Skocz do zawartości

[podjazdy] Trenuje ktoś ?


Lookas 46

Rekomendowane odpowiedzi

  • Mod Team

No i sru. Byłem dziś na Agrykoli od 14:46 do 15:46 i szarpnąłem 20x, mogłem się machnąć w liczeniu i wtedy by było 19x ale w zanadrzu mam 1x Belwederską tuż przed atakowaniem Agrykoli :) Tak na oko od 15 z haczykiem pojawił się jakiś typek na szosie w barwach narodowych śmigał dużo szybciej niż ja ale nie mam pojęcia ile razy miał zamiar tak ciskać :thumbsup: Tak cz inaczej restecpa dla gościa :icon_confused:

 

Plan był dobić choć do 12x Sol'a, a jak będzie "w miarę szło" to cisnąć do pełnej godziny. Jak na mój pierwszy trening tego typu w tym roku to całkiem nieźle nawet. Jednak z drugiej strony jak sobie przypomnę, że 2 lata temu bez zadyszki od samego dołu do góry trzymałem ponad 30km/h to widzę od razu przepaść jaką mam do nadrobienia jeszcze <_<

Odnośnik do komentarza
Udostępnij na innych stronach

Pogratulować, pogratulować ;).

 

Nie wiem jak inni, ale ja Agrykolę traktuję jako bazę do treningu wytrzymałości siłowej, czy jak to się tam nazywa, bo jest długa i dość płaska.

 

Innymi słowy podjeżdżam na największym blacie, jak najwyższym biegu i na siedząco.
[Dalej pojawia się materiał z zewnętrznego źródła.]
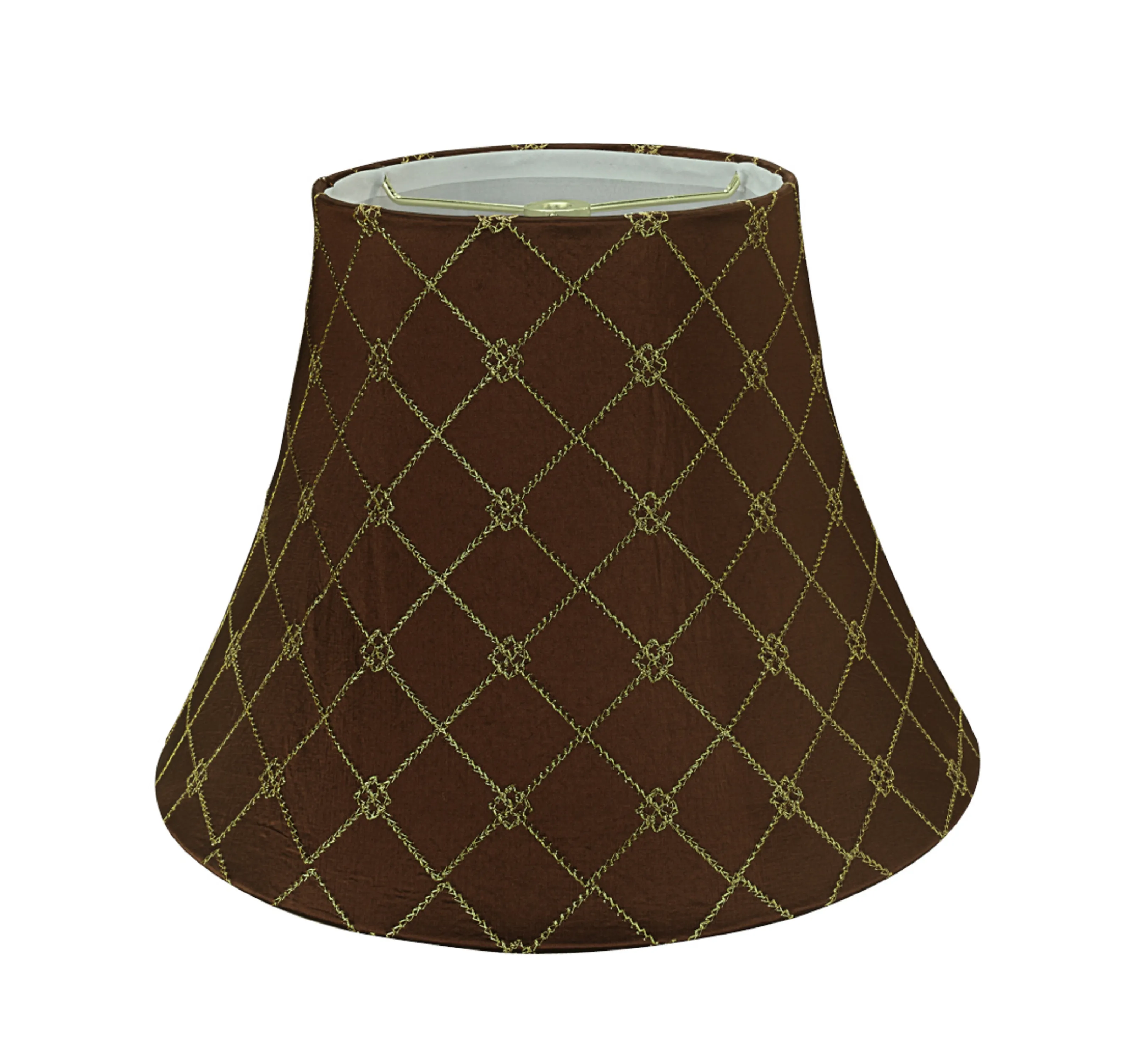 # 30221, Transitional Bell Shaped Spider Construction Lamp Shade in Brown, 13" wide (7" x 13" x 9 1/2")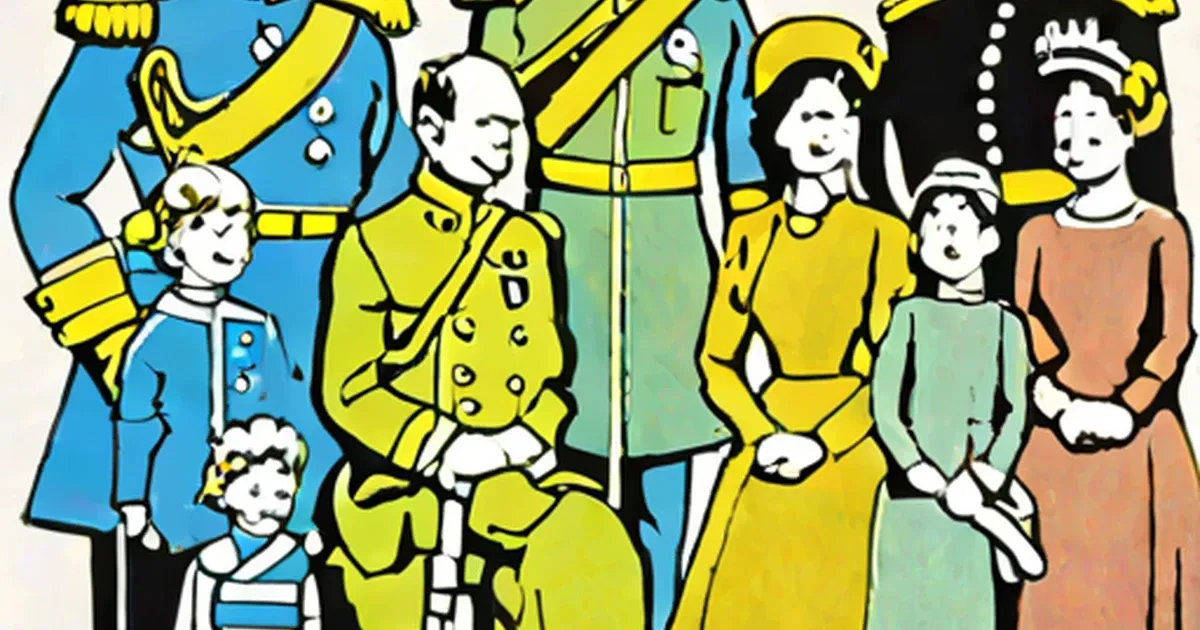 Illustrated figures in colorful formal attire and crowns representing different royal families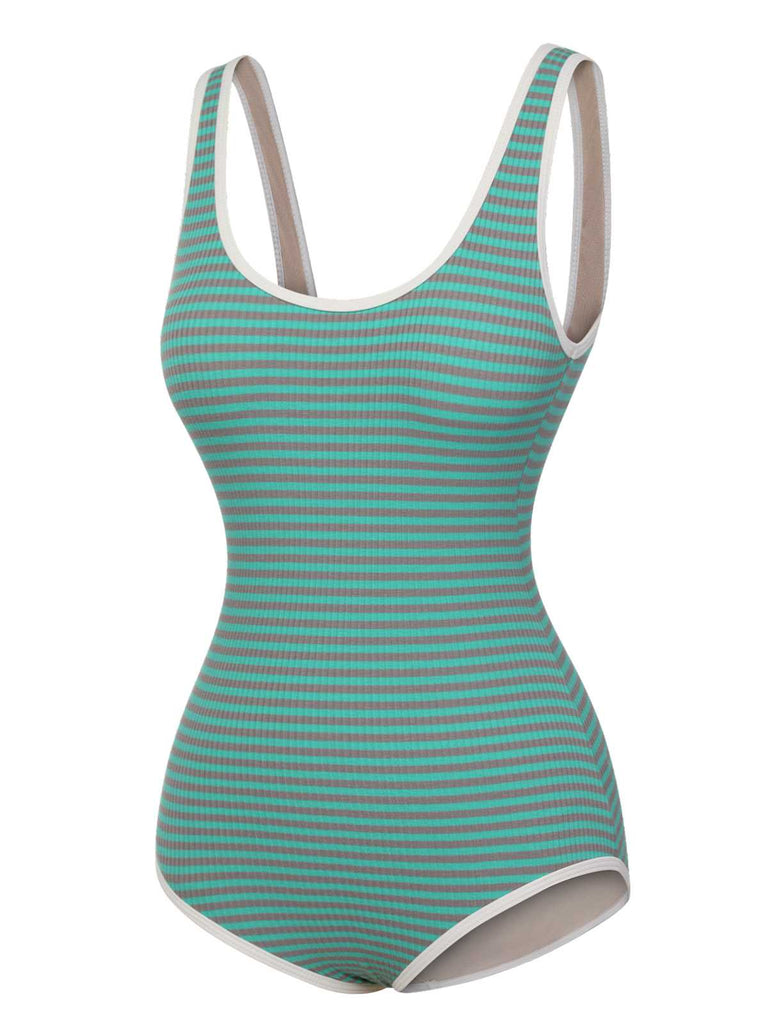 Green 1950s Stripes Backless One-Piece Swimsuit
Nie ma że boli ;).

 

Bardziej strome podjazdy mam na górce szczęśliwickiej - tam sobie mielę środkowym blatem i z wysoką kadencją.

 

W każdym razie mam nadzieję szybko dojść do wyników bossa Lookasa. Zrobię sprawdzian gdzieś za miesiąc i zobaczy się czy są postępy.

Odnośnik do komentarza
Udostępnij na innych stronach

Nie wyrywać włosów tylko trenować! :D

Ja przez maturę, i renowacje mojego złoma jeszcze nie zacząłem sezonu :icon_mrgreen:

 

Ja zacząłem sezon dzisiaj. 20km z Celestynowa do Falenicy i powrót, dobry podjazd jest po drodze w Dąbrówce zaraz za zakrętem (patrząc ode mnie), nienawidzę go, budzi we mnie najgorsze uczucia, no ale czytając ten wątek należy dojść do wniosku że nie narzekać tylko trenować:)

 

Nienawidzę podjazdów.

Pozdrawiam

Odnośnik do komentarza
Udostępnij na innych stronach

  • Mod Team

W tych okolicach kojarzy mi się kawałek po drodze na G.Kalwarie tylko ale w sumie raczej mało ciekawe miejsce na trening :/ Raz względnie duży ruch, dwa mało ciekawa nawierzchnia :D

 

Dziś 60km w tym zaliczyłem 10x Agrykole po drodze do domu :blink: Cięższe gumy o 1kg i w efekcie naprawdę ciężej się podjeżdża.

Odnośnik do komentarza
Udostępnij na innych stronach

Pod Góre Kalwarie znam przynajmniej 3 podjazdy. 1 od strony Warszawy - asfalt, podjazd krótki, ale jest dosyć wąsko (chociaż akurat ruch samochodowy jest tam względnie niewielki). 2 jest gdzieś w głębi miasteczka (trafiłem na niego przypadkiem), dosyć długi podjazd, ruch praktycznie żaden natomiast od początku do końca są "kocie łby" i podjazd ten potrafi fajnie zmęczyć, ale jak na trening uważam że jest super. 3 podjazd jest od strony Czerska, przy wyjeździe z GK - płasko, asfalt, ruch samochodowy spory bo to jakiś dojazd do dalszej głównej trasy. Tylko jest to dłuższa wycieczka, raczej bez nastawienie na same podjazdy, jak dla mnie ok. 100km w sumie żeby zaliczyć te miejscówki i wrócić do domu.

Odnośnik do komentarza
Udostępnij na innych stronach

W tych okolicach kojarzy mi się kawałek po drodze na G.Kalwarie tylko ale w sumie raczej mało ciekawe miejsce na trening :/ Raz względnie duży ruch, dwa mało ciekawa nawierzchnia :P

 

Dziś 60km w tym zaliczyłem 10x Agrykole po drodze do domu ;) Cięższe gumy o 1kg i w efekcie naprawdę ciężej się podjeżdża.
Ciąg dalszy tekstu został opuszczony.